Steel arriving for my 30x20 box section cladded steel shed.









Finished job. I was very happy with the finished outcome, havnt any recent finished pics will update sn 









Quick inside shot!









New lighting and bits and bobs to do soon + new wash bay to be made. Will update as soon as... Cheers guys

Steve


----------



## Palmer02 (Jul 7, 2012)

very nice


----------



## [email protected] (Apr 28, 2011)

er... WOW LOL nice


----------



## Goodylax (Apr 21, 2013)

Wow, love the interior set up. :thumb:
Nice work prepping the land too, must have cost a pretty penny.
I would punch an old lady for that kind of workspace.....


----------



## carl robson (Nov 16, 2011)

Very envious nice little cave that


----------



## AGRE (Sep 25, 2008)

:argie::argie::argie:


----------



## Stephenmoore30 (Dec 23, 2011)

Thanks guys. Yea I used to rent a unit and with this garage now at home I can work later and be more flexible... Cost abit but when you tot up rent over a long period it mounts up! Will update more sn  

Steve


----------



## gavin_d (Jul 4, 2012)

awesome garage you have there. 

You no what would top it of

A scissor lift


----------



## danwel (Feb 18, 2007)

thats awesome i really like that


----------



## CGRD (Jan 9, 2013)

that looks really professional, I'm just a little jealous


----------



## O`Neil (Aug 13, 2007)

Smart as . . :thumb:


----------



## Gazjs (Nov 26, 2009)

Very very nice. Top job


----------



## moss99 (Jul 17, 2007)

Looking good ..
I am planning a double garage soon along with house extension ,do you have any plans for heating through the winter for protecting contents from frost ,i have had to repair my pressure washer twice now due to frost damage and i suspect a lot of products say on them "protect from frost " ?


----------



## B17BLG (Jun 26, 2012)

Stunning


----------



## Benn (Aug 22, 2007)

Wow at the garage build, can i ask. Where did you get the Megiuar's flag from?


----------



## 123HJMS (Mar 13, 2013)




----------



## Stephenmoore30 (Dec 23, 2011)

As far as heating goes havnt thought much about it, I have a frost controlled oil filled which kicks in close to freezing but might not be of any use in this size of space... I have a new wax fridge as if can be very warm during hot days inside! 

The meguiars flag was part of a point of sale pack i got when I sold meguiars a few years back.

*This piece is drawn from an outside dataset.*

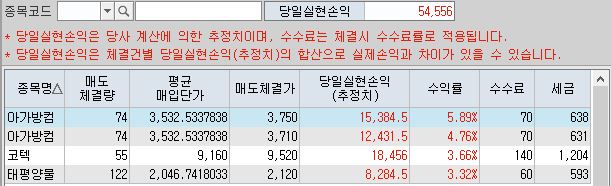 태평양컴퍼니 이미지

Think you may still be able to pick them up online! 

I have a container full of old stock from my car accessory shop which I closed a few years back, I'm going to shelve one side of the garage and display some of this for clients also. Undecided between paint or tiled floor...

Oh yea scissor lift next on the agenda!!! All money tho!!!

Steve


----------



## Karl woods (Mar 15, 2012)

That looks great , I plan on building a similar garage to yours in the next year , was it a kit or did you have the steels fabricated from a plan and then clad to suit . If a kit could you tell me which firm you got it from please .


----------



## Benn (Aug 22, 2007)

Stephenmoore30 said:


> The meguiars flag was part of a point of sale pack i got when I sold meguiars a few years back. Think you may still be able to pick them up online!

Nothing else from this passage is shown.